DIRECTIONS:
Pictures are to be left out; every line from the one with "Completed Easy Blueberry" through the end of the data must be transcribed exactly.

>>

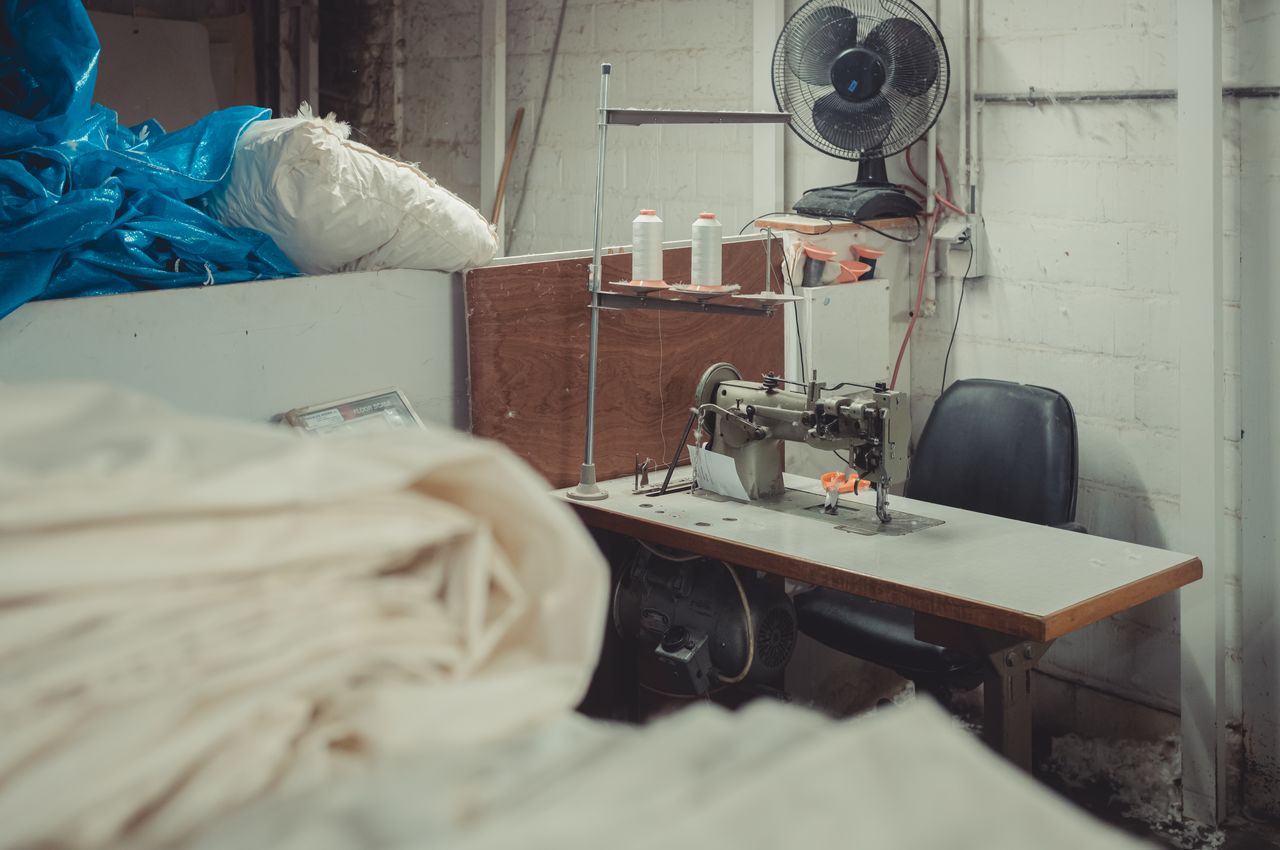 Industrial sewing machine, surrounded by goose down and fabrics.
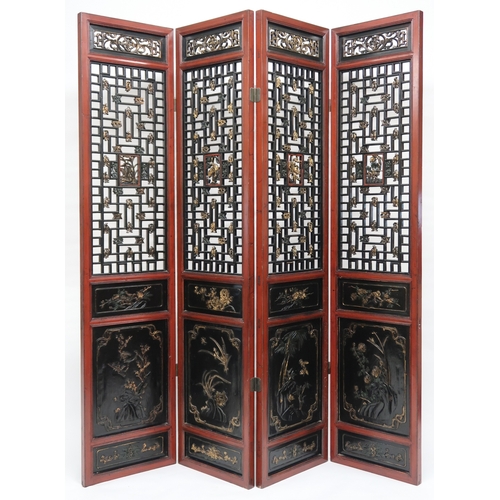 2029 - A 20TH CENTURY CHINESE RED AND BLACK LACQUERED FOUR FOLD ROOM DIVIDER each panel with carved pierced... 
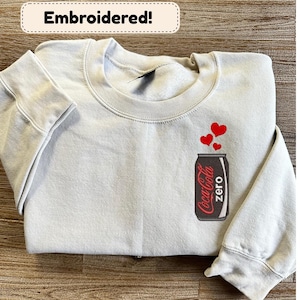 May include: A light gray sweatshirt with an embroidered Coca-Cola Zero can design and three red hearts. The sweatshirt has the word "Embroidered!" in a white box at the top. The design is on the front of the sweatshirt.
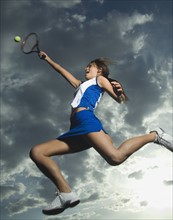 Low angle view of tennis player jumping. Date : 2007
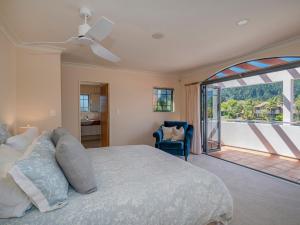 a bedroom with a large bed and a balcony at Amalfi - Pauanui Holiday Home in Pauanui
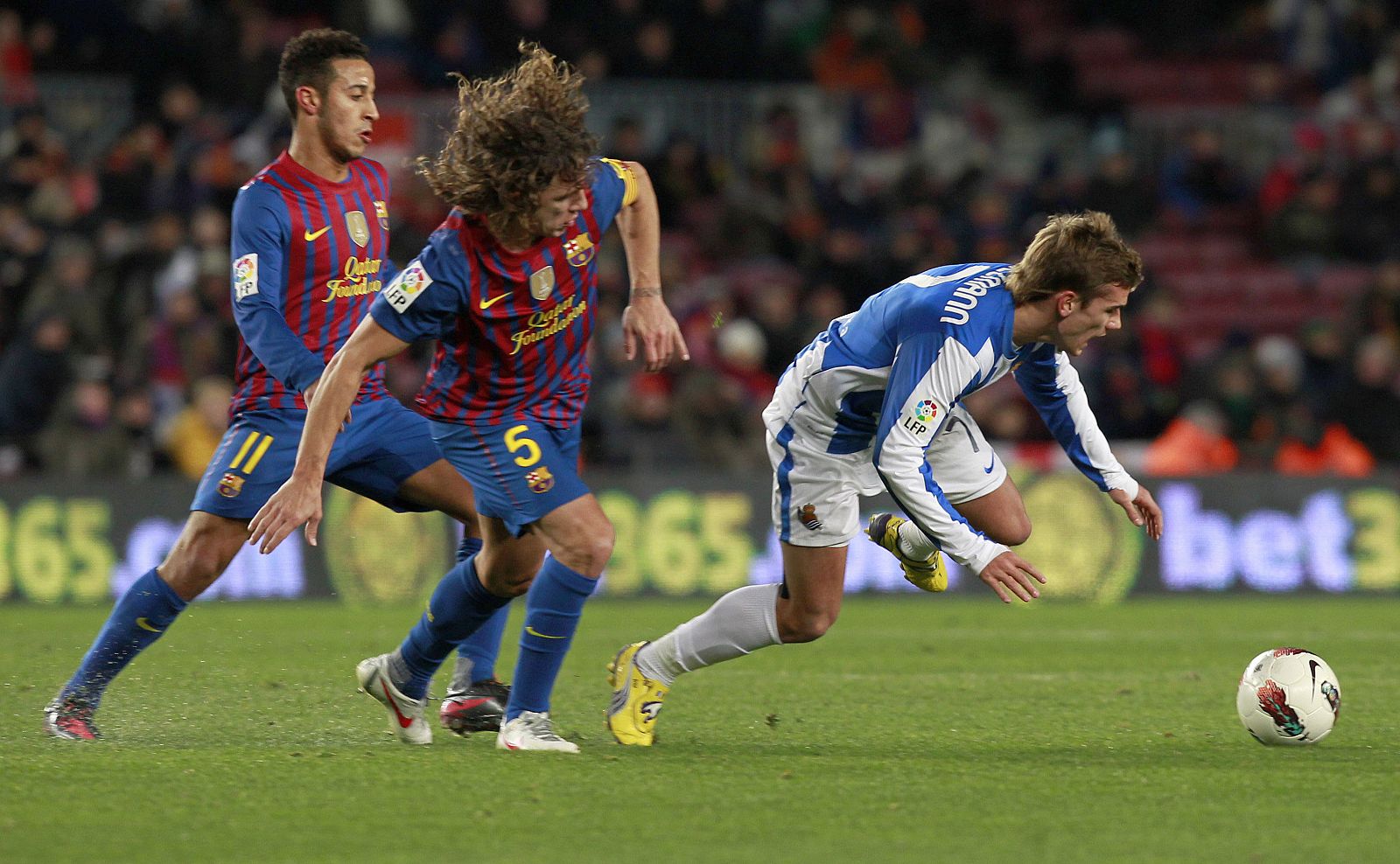 El centrocampista francés de la Real Sociedad Griezmann cae ante Puyol (c) y Thiago (i), del FC Barcelona.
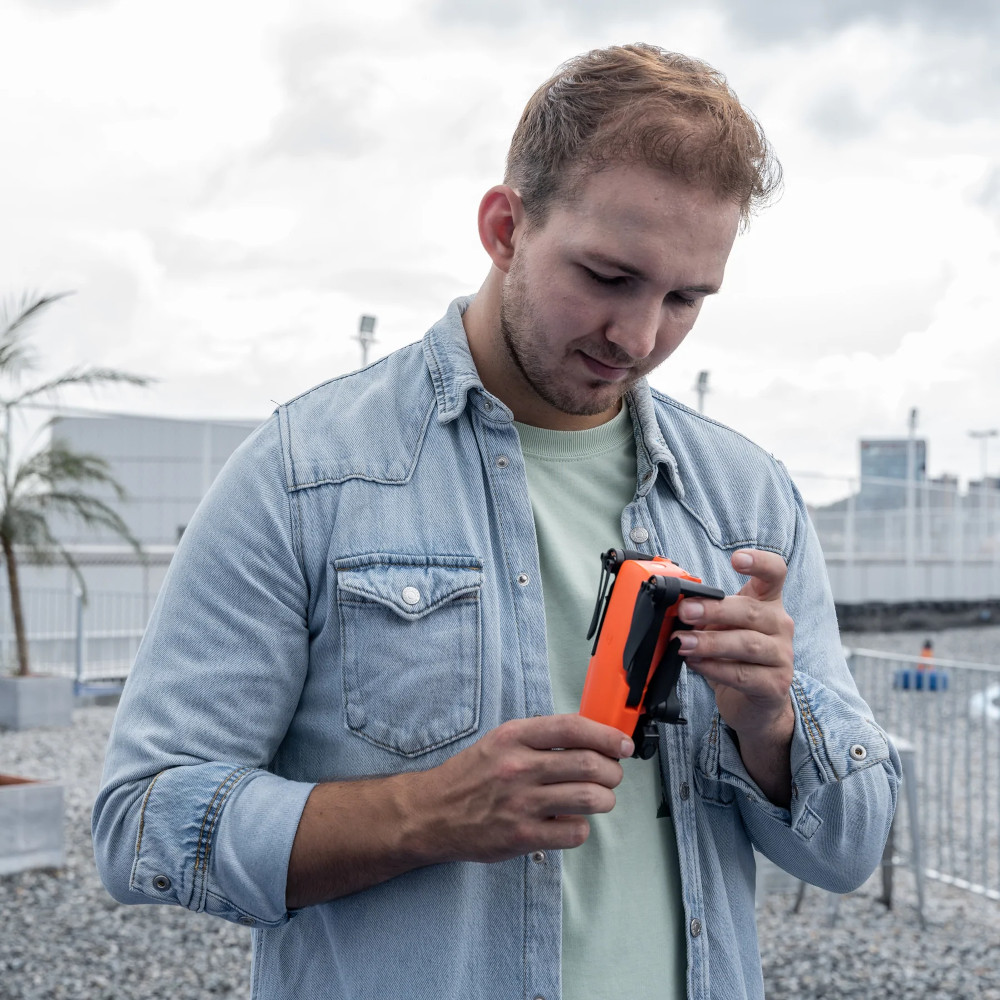 Een man die een oranje drone vasthoudt.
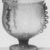Roman. <em>Vase of Light Olive-green Blown Glass</em>, 1st-4th century C.E. Glass, 7 1/2 x Diam. 6 7/8 in. (19 x 17.5 cm). Brooklyn Museum, Gift of R. B. Woodward, 05.41. Creative Commons-BY (Photo: Brooklyn Museum, CUR.05.41_negA_bw.jpg)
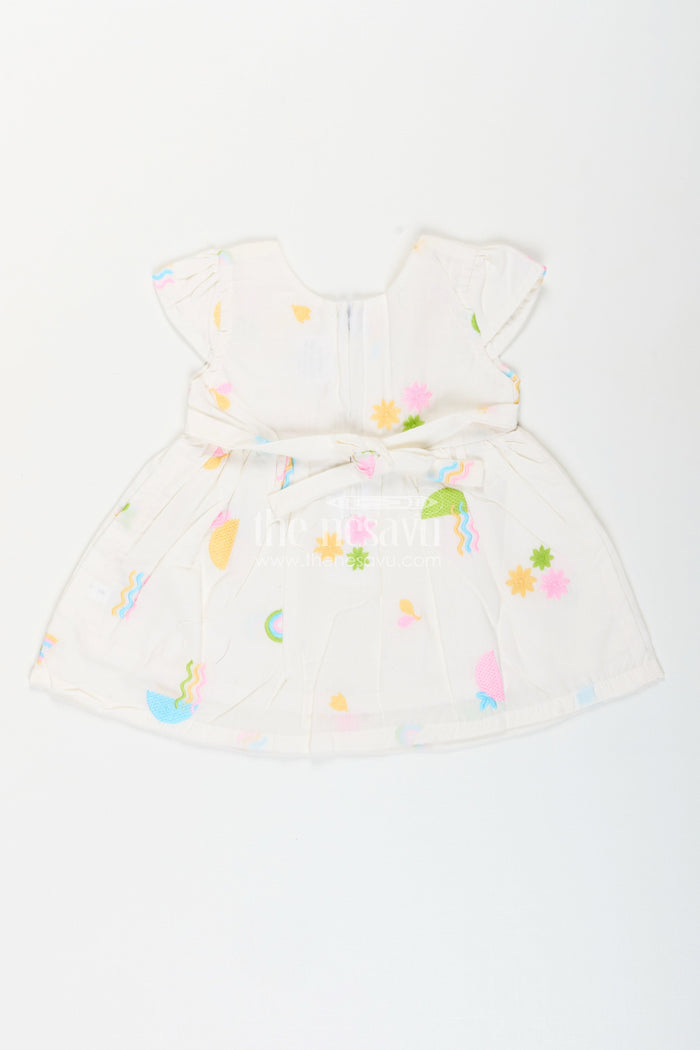 The Nesavu Baby Cotton Frocks White baby girl frock with pastel embroidery for everyday wear Nesavu Nesavu white baby girl frock with pastel rainbow embroidery and flutter sleeves for casual wear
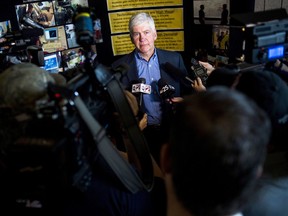 FILE - In this Monday, June 6, 2016 file photo, journalists surround around Gov. Rick Snyder to ask him questions about the Flint water crisis after he toured skilled trades programs at Mott Community College in Flint, Mich. Flint had one of the worst man-made environmental debacles in U.S. history. Lead infected the distribution system in the city of 100,000, which was under the thumb of financial managers appointed by Snyder. Officials finally took action after a doctor reported high levels of lead in children.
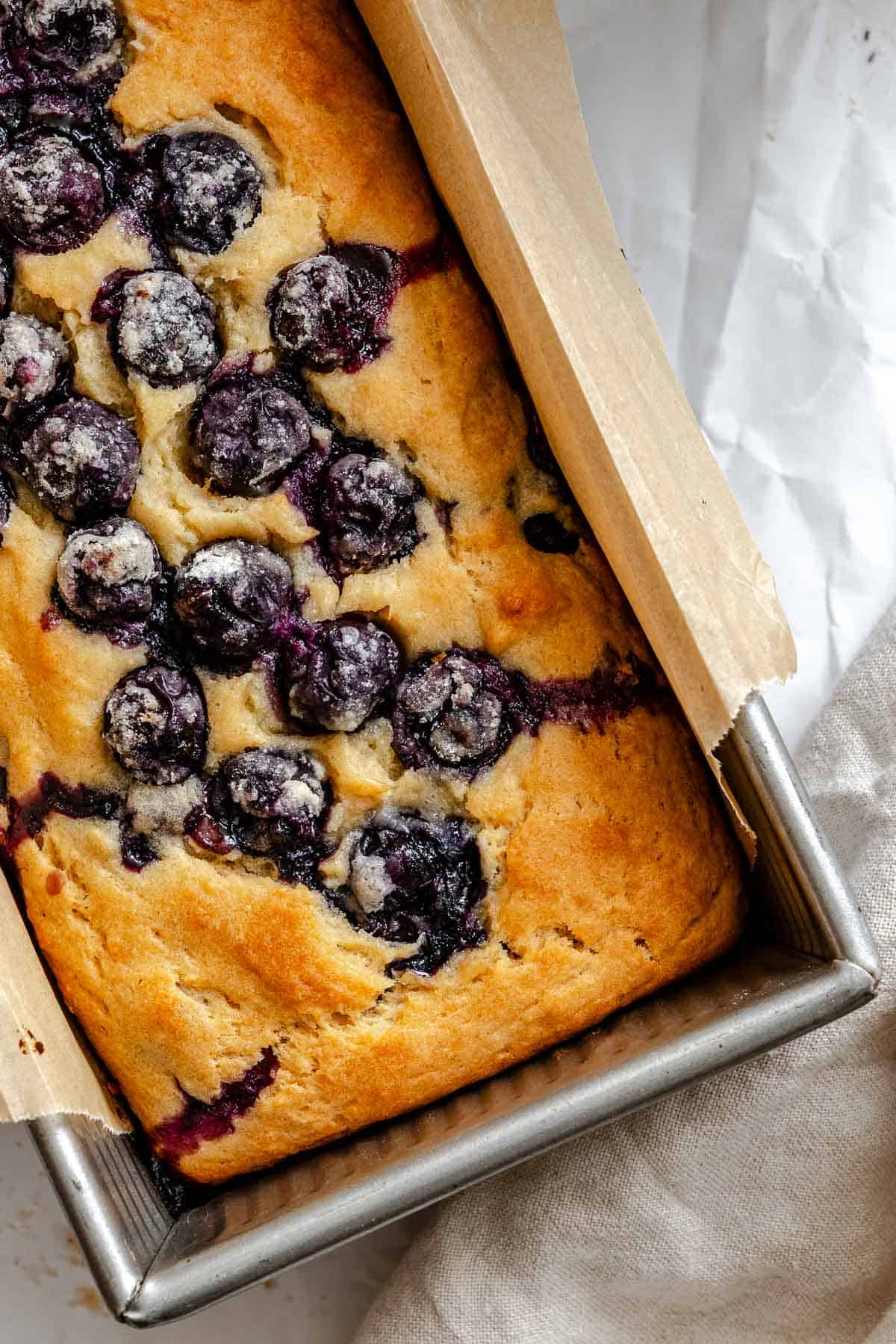 Completed Easy Blueberry Bread [Quick Bread!] in a bread pan.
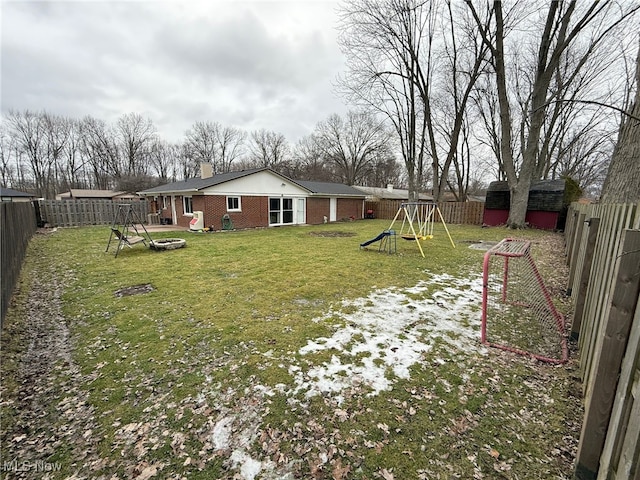 view of yard featuring a playground, a shed, and a fire pit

<<

OUTPUT OF THE TASK:
 Completed Easy Blueberry Bread [Quick Bread!] in a bread pan.
 view of yard featuring a playground, a shed, and a fire pit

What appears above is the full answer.